おそらく、(みそぎ)を済ませようと考えたのか、ステファニーはとうとう言ってしまった。「ええ、そのことはちゃんと真実を話しませんでした。少し恥ずかしかったんです」


ノールズのことだけの不完全な告白が終わると、クーパーウッドはある種の怒りがこみ上げ燃え上がった。嘘つきの売春婦を相手にしてどうする気だ? 彼女が二十一歳の取るにたらない自由恋愛の徒であることが完全に明らかになった。それでも、この娘には何か不思議な大きなもの、とても魅力的なものがあった。この娘には彼女ならではの美しさがあったのでクーパーウッドを彼女をあきらめようとは思えなかった。彼女はクーパーウッドに自分を思い出させた。


「ねえ、ステファニー」クーパーウッドは罵倒するかとっちめるかして追い払いたい衝動を足で踏みつけながら言った。「きみは変だよ。どうして今まで教えてくれなかったの? 私は何度も尋ねただろ。私を大事に思ってると本当に言えるのかい?」


「よくそんなことが言えるわね?」ステファニーは告白したのが愚かだったと感じながら、責めるように尋ねた。もしかしたら、彼を失うかもしれない。それはしたくなかった。クーパーウッドの目が嫉妬に凝り固まって輝いたので、ステファニーは急に泣き出した。「ああ、あなたに言わなきゃよかったわ! とにかく、話すことは何もないわよ。話したくなんてなかったのに」


クーパーウッドは困惑した。彼は人間の本質も女の本質もよく知っていた。彼の常識がこの娘は信頼できないと語っていた。それなのに彼女にひかれてしまった。ひょっとしたら、彼女は嘘をついておらず、この涙は本物かもしれない。


「じゃあ、これがすべてだって……この前には誰もいなかったし、これからも誰もいないって断言してくれるね?」


ステファニーは涙を枯らした。二人はランドルフ・ストリートの彼の部屋にいた。そこはいろいろな情事のための別室として彼が自分で用意しておいた独身者向けアパートだった。

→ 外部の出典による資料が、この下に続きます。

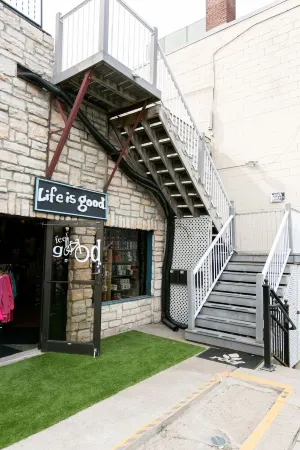 BestLocation|Romantic|ViewBridgeFromBed|Couples|Pets|Photo backdrop|Nightlife!!!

「あなたは私のことなんてちっとも大事にしてないわ」ステファニーは、悲しそうに、責めるように言った。「あなたが私を理解しているとは思わない。あなたが私を信じるとは思わないわ。話したってどういうことだかあなたにはわからないのよ。私は嘘をついてないわ。私にはつけないもの。これでも疑うんなら、あなたはもう私に会わない方がいいかもしれないわ。私だって正直に言いたいわ、でもあなたが私を……」


ステファニーはつらそうに、鬱々と、とても悲しそうに口ごもった。クーパーウッドは一種の憧れの思いで相手を見た。ステファニーはクーパーウッドに対し何とも不可解な魅力を持っていた! 彼女を信じてはいなかったのに、諦めることができなかった。


「ああ、どう考えたらいいかわからないな」クーパーウッドは憮然として言った。「別に質問攻めにしてきみから真実を聞き出したいんじゃないんだ、ステファニー。頼むから私を騙さないでほしい。きみほどの人はいないんだ。きみ次第で私はきみにたくさんのことをしてあげられるんだからね。そこのところをわかってくれないとね」


「でも、私はあなたを騙してないわ」ステファニーはうんざりして繰り返した。「あなたならわかると思うんですけど」


「きみを信じますよ」クーパーウッドは自分の賢明な判断に逆らって自分をだましだまし続けた。「でも、きみはこういう自由で型破りな生活をしてるからね」


「ああ」ステファニーは考えた。「多分、私はしゃべり過ぎなんだわ」


「私はきみのことが大好きなんだ。きみはとっても魅力的だよ。本当に愛してる。だから私を騙さないで下さい。こんなくだらない馬鹿どもと遊び歩くのはやめてください。本当にきみにはふさわしくない連中だ。私は近いうちに離婚するだろうから、そのとき、きみと結婚できたらうれしいな」


「でも、あの人たちとは、あなたが考えている意味で、遊び歩いてるんじゃないわ。ただ楽しいから一緒にいるだけでそれ以上のことは何もないもの。そりゃもちろん好きですけど。レーン・クロスはあの人なりに大事な人です。それはガードナー・ノールズも同じです。みんな私に親切にしてくれるんです」


彼女がレーン・クロスを大事な人呼ばわりしたものだから、クーパーウッドは胸くそ悪くなった。腹の虫が治まらなかったがそれでもクーパーウッドは平静を保った。


「私と付き合う限り、きみとこの連中との間にはもう何も起きないと約束しますか?」まるで懇願だった……彼らしくない役回りだった。「きみを他の誰とも共有したくない。ご免ですよ。過去にしたことは仕方がないが、今後は不貞を働かないでほしい」


「何言ってんの! するわけないでしょう。でも私を信じないなら……あなた……」


ステファニーはつらそうにため息をついた。クーパーウッドの顔は、うまく隠れていたが怒りと疑惑と嫉妬で曇った。


「いや、ステファニー、これからはきみを信じるよ。きみの言葉を信じることにする。でも、もしきみが私を騙してそれがわかったら、私はその日のうちにきみと別れる。私はきみを他の誰とも共有したくない。私には理解できないんだが、私のことが大切なのに、どうしてこんなにいろんなことにこんなに関心を持てるんだい? きっと、きみを駆り立ててるものは、芸術への献身ではないんだね?」


「ねえ、私と喧嘩を続けるつもりなの?」ステファニーは素朴に尋ねた。「私が愛していると言っても、あなたは信じないのね? それじゃ……」しかしここで演技力が味方してステファニーは激しく泣きじゃった。


クーパーウッドは両腕で抱きしめた。「大丈夫だよ」クーパーウッドはなだめた。「私は信じてる。きみは私を大切に思ってるよ。ただ、こんなに気が多くなかったらいいのにと思っただけなんだ、ステファニー」


これでしばらくこの持病は治まった。